* [Problem to solve] Only the lines from the one that contains "Feuerwehrmann löscht mit Wasser" to the last line below, both included, should be transcribed. Pictures stay out of the copy.

* [Study material]

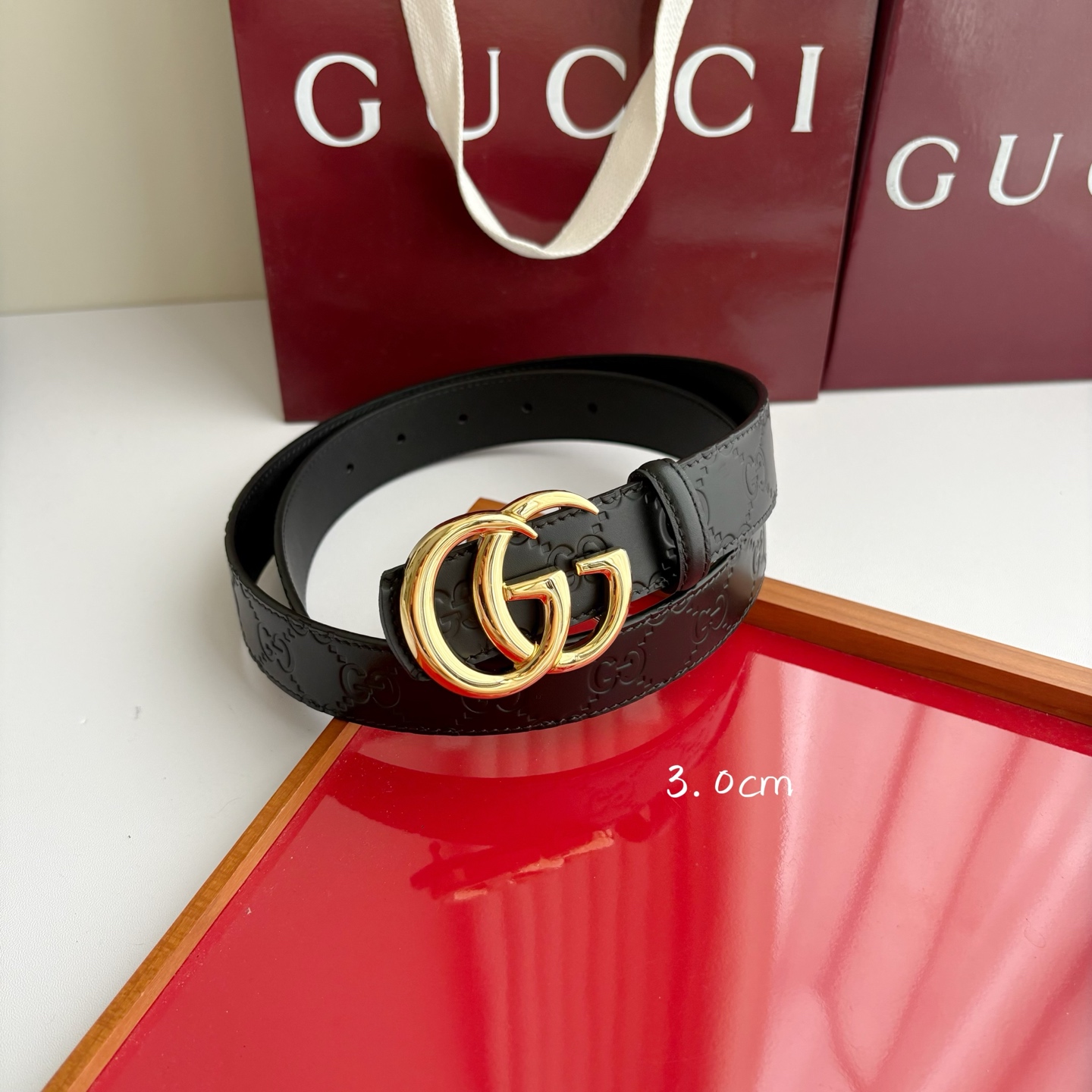 Gucci 经典原单品质，经典压花面搭配原版平纹底，纯铜挂扣，精工制作，细节看图，实物拍摄，高端奢华，宽度3.0cm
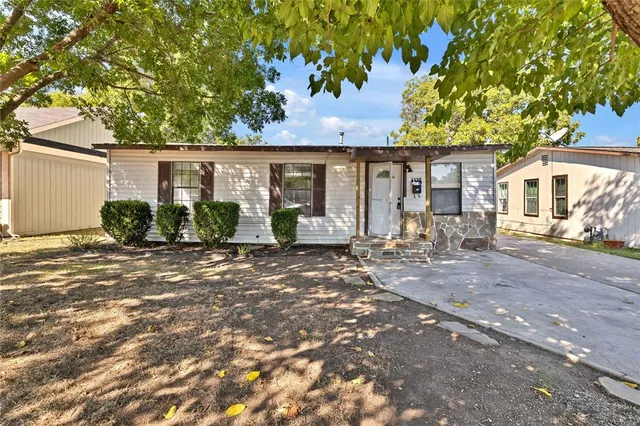 $194,900 | 4120 Fry Street, Fort Worth, TX 76115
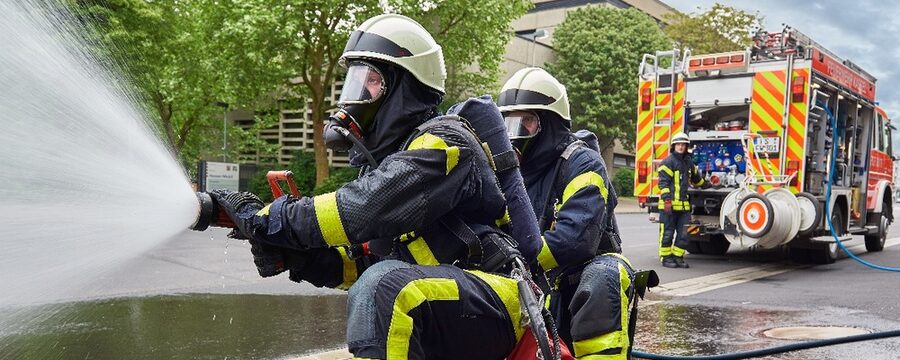 Feuerwehrmann löscht mit Wasser
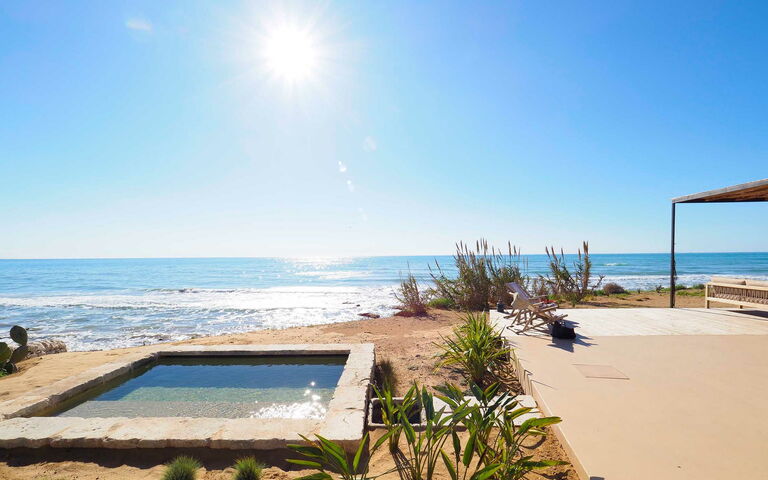 Circe: Ansichten, Garten, Schwimmbad, Sommer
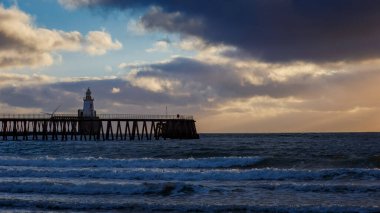 Blyth Beach, Northumberland 'da dramatik bir gün doğumu.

* [Answer to this exercise]
 Feuerwehrmann löscht mit Wasser
 Circe: Ansichten, Garten, Schwimmbad, Sommer
 Blyth Beach, Northumberland 'da dramatik bir gün doğumu.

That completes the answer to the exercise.